621805568 but should be 786287405

621805568 is 0x25100000 after converting in Windows calculator Programmer mode.
Binary sizes are very typical of filesystems, and I believe are common in SMB as well.

You can look at size before delete. You could also try decrypting to verify it’s corrupted.
Running ls -l on both client and server would be nice to see if they agree on the size.

Do these correlate with events such as system reboot, or connection gap in between?
SMB uses caching by default, though I think it can be configured to run safe-but-slow…

handyguy · December 17, 2020, 3:10pm

Doing some additional testing now, but if that doesn’t work I may try an NFS connection instead of CIFS.

The corruption correlates directly to file deletion on the server. For example, I can have a clean run for several days. Then, when we watch a show episode or a move we delete it form the server. The next backup will show the “hash error” message. That’s what led me to believe it was a block issue; terabytes of creates and adds don’t have an effect. As soon as I delete it throws the error.

ts678 · December 17, 2020, 4:12pm

What backup retention are you using? If you keep only 1 version, source deletes may trigger compact.
If you keep multiple versions and your source file got in older one, delete should have no instant effect.
You can certainly turn on the no-auto-compact option to see if it helps and see if compact button hurts.

There’s something missing from this:

backups for days, successfully
delete a file from media server
?
next backup fails on dblock size

So this doesn’t even need Duplicati to do anything at step 3? Source delete changes dblock size view?
If so, you definitely need to keep an eye on your files to see if file listings or content is changing around.

Here’s a remote log for a tiny backup. It did a file list at start, and at end.
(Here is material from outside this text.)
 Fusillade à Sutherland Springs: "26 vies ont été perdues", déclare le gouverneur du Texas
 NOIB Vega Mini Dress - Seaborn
When does your file go bad?

Dec 17, 2020 11:09 AM: get duplicati-b401a59f3c6b64ac6beee1f74ca91a31d.dblock.zip.aes
Dec 17, 2020 11:09 AM: get duplicati-ie813968cad3846998f9d7a066b3be661.dindex.zip.aes
Dec 17, 2020 11:09 AM: get duplicati-20201217T160929Z.dlist.zip.aes
Dec 17, 2020 11:09 AM: list
Dec 17, 2020 11:09 AM: put duplicati-20201217T160929Z.dlist.zip.aes
Dec 17, 2020 11:09 AM: put duplicati-ie813968cad3846998f9d7a066b3be661.dindex.zip.aes
Dec 17, 2020 11:09 AM: put duplicati-b401a59f3c6b64ac6beee1f74ca91a31d.dblock.zip.aes
Dec 17, 2020 11:09 AM: list

handyguy · December 17, 2020, 4:19pm

That’s the odd thing, I’m not doing anything else. However, the system is a Plex server, so I assume ‘deleting’ a file within Plex involves more than just removing the media from the FS, but it shoujldn’t be that much more.

I’ll keep doing more testing and will report back if I come up with anything solid.

Thanks.

ts678 · December 17, 2020, 5:38pm

I have no idea, but if you like, Duplicati compare (e.g. from Commandline) can show its change.
Backup, delete from Plex, backup, compare without even naming versions will show its change.
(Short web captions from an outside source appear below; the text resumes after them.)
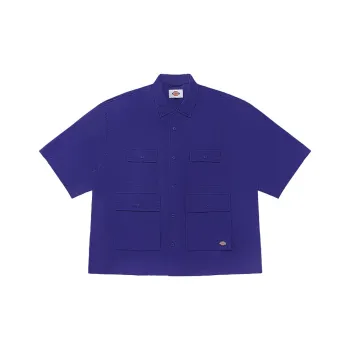 Dickies Shirts Men Purple Blue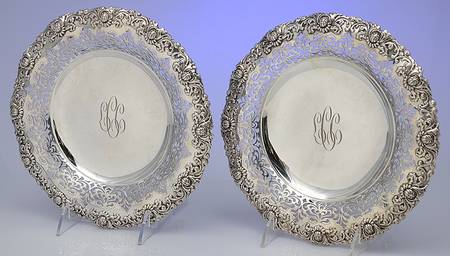 Chrysanthemum (Str, 1880, Hlw, 925-1000, Flrs&amp;Buds) by Tiffany &amp; CO SILVER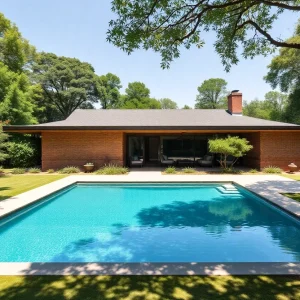 Mid-Century Modern residence in Bloomfield Township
handyguy · December 23, 2020, 4:17pm

Famous last words. After many, many (many, many) years in tech, I should know better than to assume anything until it’s proven.

I changed the connection between the media server and the NAS from CIFS to NFS, and the backups seem to be working just fine again. I’ll keep testing a bit, but it looks like for very large files, using an NFS connection between systems seems to be more stable than CIFS/SMB.

Thanks everyone for all the commentary.